Listed entries:

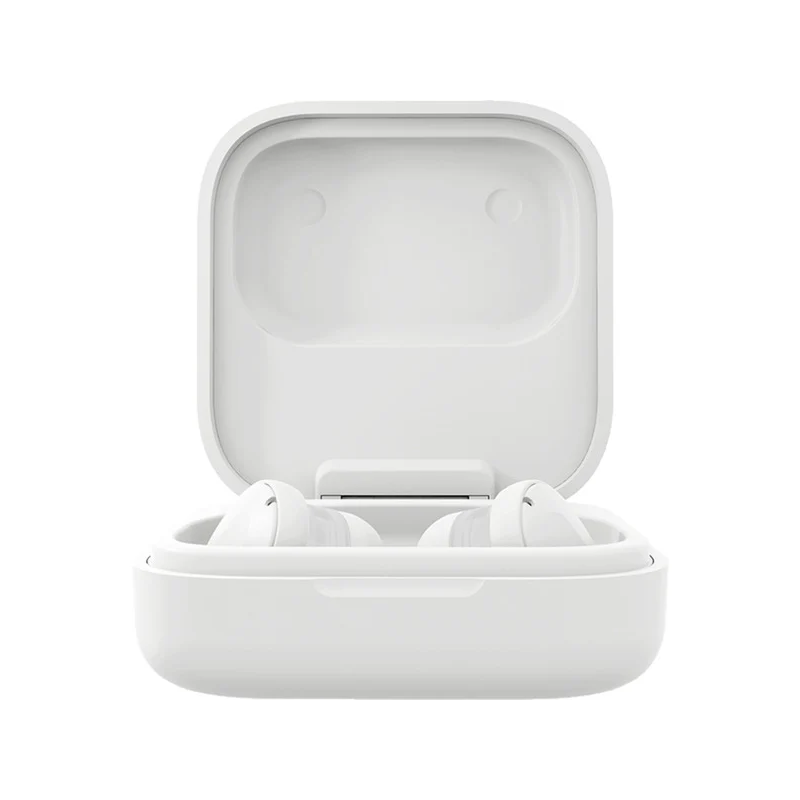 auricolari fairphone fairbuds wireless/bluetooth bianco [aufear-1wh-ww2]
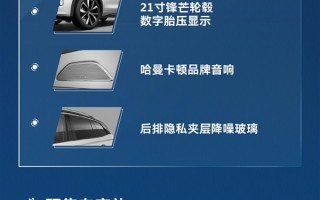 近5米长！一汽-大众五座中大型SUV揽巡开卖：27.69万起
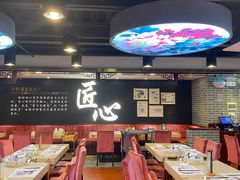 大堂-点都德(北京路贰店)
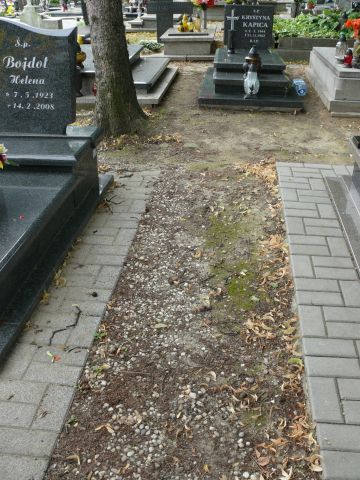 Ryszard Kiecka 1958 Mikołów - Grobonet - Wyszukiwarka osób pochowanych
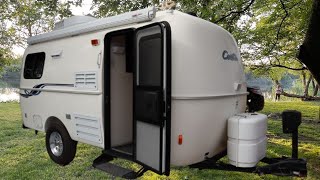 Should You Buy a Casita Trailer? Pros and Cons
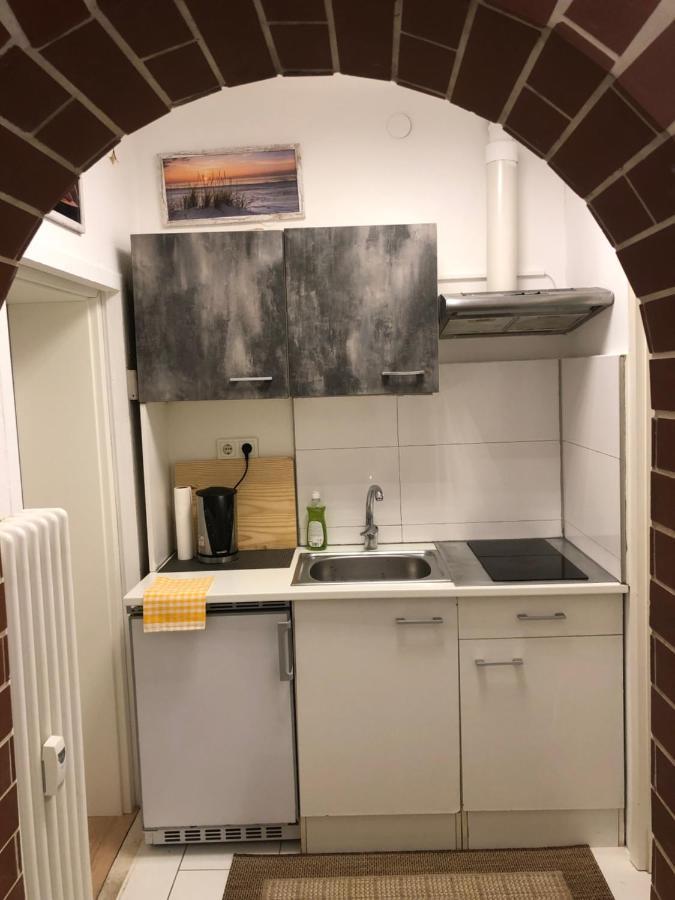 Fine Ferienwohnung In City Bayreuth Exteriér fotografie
==
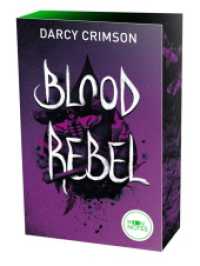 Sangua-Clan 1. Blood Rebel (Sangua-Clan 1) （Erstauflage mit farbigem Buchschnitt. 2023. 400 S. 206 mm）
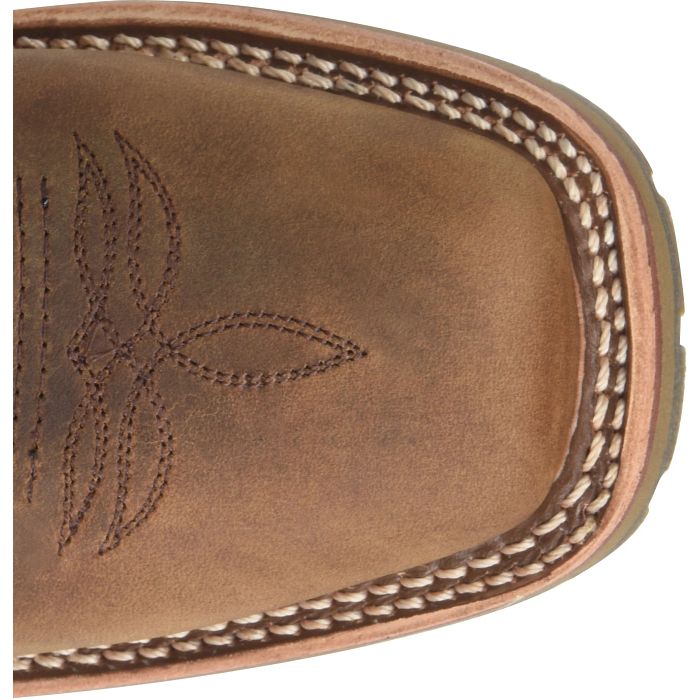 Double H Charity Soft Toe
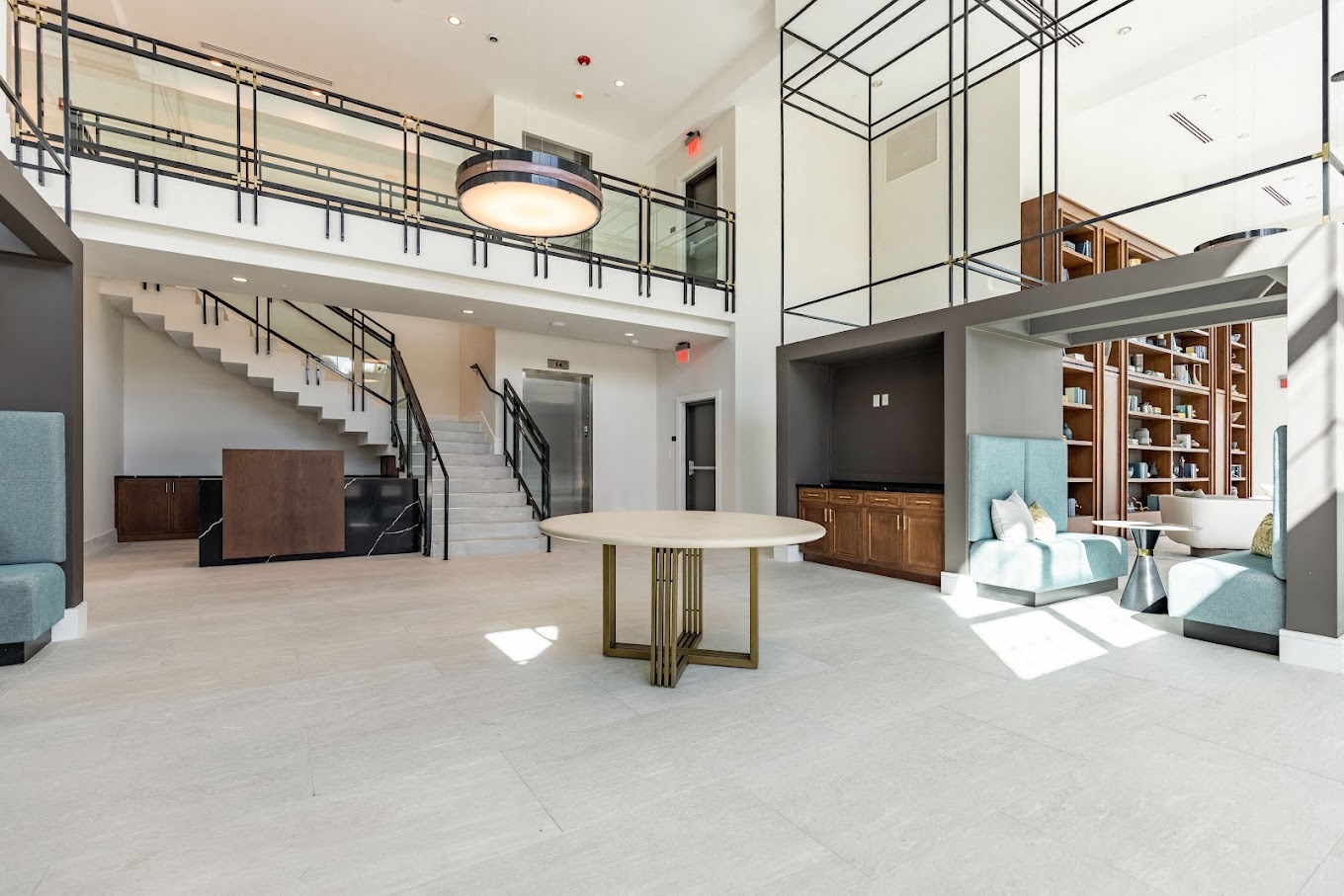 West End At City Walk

To do: Print the line above containing "近5米长！一汽-大众五座中大型SUV揽巡开卖：27.69万起", the line containing "Fine Ferienwohnung In", and everything between them, exactly as written. Pictures stay out.

Task response:
 近5米长！一汽-大众五座中大型SUV揽巡开卖：27.69万起
 大堂-点都德(北京路贰店)
 Ryszard Kiecka 1958 Mikołów - Grobonet - Wyszukiwarka osób pochowanych
 Should You Buy a Casita Trailer? Pros and Cons
 Fine Ferienwohnung In City Bayreuth Exteriér fotografie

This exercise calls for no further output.